アメリカの歴史制度的背景として(p.39)、商業銀行がユニットバンキングが基本で相対的に小規模であること。また商業銀行に対する、大口融資規制や長短分離規制、株式保有の禁止。生命保険などが直接貸し付けることへの規制が存在すること。などが、投資銀行による有価証券引き受けという直接金融方式を発達させたと指摘している。とはいえ引き受けた証券を、速やかに投資家にはめ込む能力が、投資銀行の勝負どころという(p.32)。
業務の説明はなかなか詳しい。公募(p.42-)と私募(p.57-)を比較して私募の重要性を説明しているところ(私募には、発行会社、投資家それぞれを発掘する意味があること。日頃からの投資家とのネットワーク、リレーションが試されること。などを投資銀行の業務と絡めて説明している)。

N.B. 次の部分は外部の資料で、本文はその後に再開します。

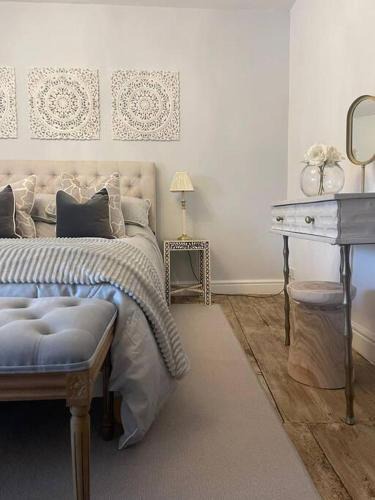 Henley-in-Arden House | Entire Georgian luxury house - 3 Storey- High St Henley-in-Arden -Two bedrooms-Sleeps 4 people Close to Stratford upon Avon - Warwick - Solihull - NEC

プロジェクトファイナンスのところ(p.90)。石油危機後の大規模資源開発ブームの後、流行語になったとしている。その本質を、プロジェクト自体が将来もたらすキャッシュフロー、もしくはプロジェクト自体の資産としての価値のみにもとづいて調達する点にある。としている(この表現はポイントをついている)。特徴付けるものを、ノンリコース、オフバランスシート、既存の財務制限条項との抵触回避と続けている(いずれもその通りなのだが、これらの説明が省かれているのは少し残念。ノンリコースの意味は、さきほど本質としたことだが、プロジェクトそのものだけを担保に資金を調達するということ。このように担保を特定の資産に限定することである。オフバランスシートは、この事業を実施しようとする会社のバランスシートからは切り離して、特定の事業プロジェクト自身が独立して、資金を調達するスキームを作ること、このことをオフバランスシートと言っている。こうした一連の説明の省略からは、本書が出た時点で著者たちが時代の先端を走っていたことを感じさせる)。
そしてエクスチェンジオファの説明(p.110以下)。一方で既発行証券を買い戻し、他方で新たに別の証券を発行する。その目的は財務指標の改善のほかいろいろあるとする。